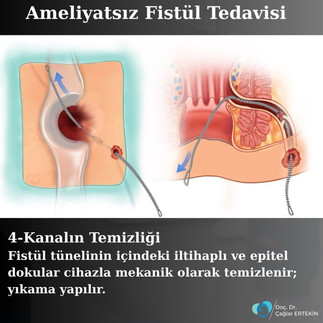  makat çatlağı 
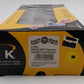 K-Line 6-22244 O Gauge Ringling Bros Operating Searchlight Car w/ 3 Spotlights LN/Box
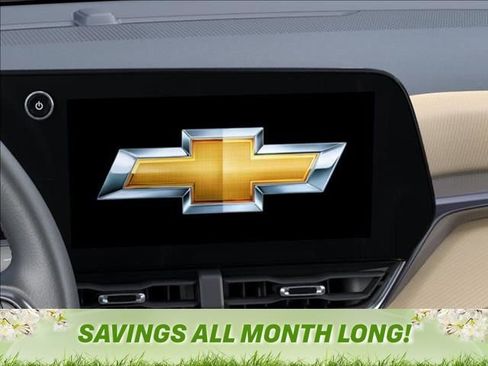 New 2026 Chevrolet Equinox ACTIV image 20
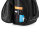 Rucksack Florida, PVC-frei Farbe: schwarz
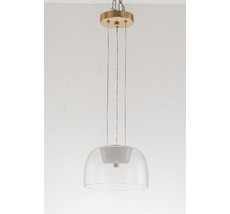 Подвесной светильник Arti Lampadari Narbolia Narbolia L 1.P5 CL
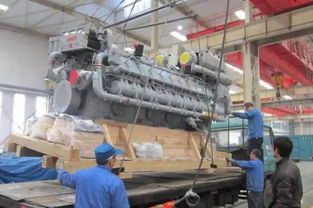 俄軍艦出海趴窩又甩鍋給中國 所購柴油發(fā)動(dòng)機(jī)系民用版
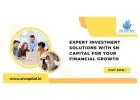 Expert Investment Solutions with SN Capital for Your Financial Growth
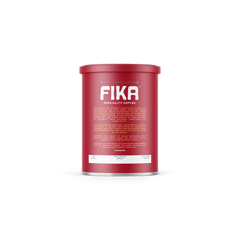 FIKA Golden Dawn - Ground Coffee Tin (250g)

→ What the task asks
Write the material out again word for word and omit any images.

→ Reply to the task
  makat çatlağı 
 K-Line 6-22244 O Gauge Ringling Bros Operating Searchlight Car w/ 3 Spotlights LN/Box
 New 2026 Chevrolet Equinox ACTIV image 20
 Rucksack Florida, PVC-frei Farbe: schwarz
 Подвесной светильник Arti Lampadari Narbolia Narbolia L 1.P5 CL
 俄軍艦出海趴窩又甩鍋給中國 所購柴油發(fā)動(dòng)機(jī)系民用版
 Expert Investment Solutions with SN Capital for Your Financial Growth
 FIKA Golden Dawn - Ground Coffee Tin (250g)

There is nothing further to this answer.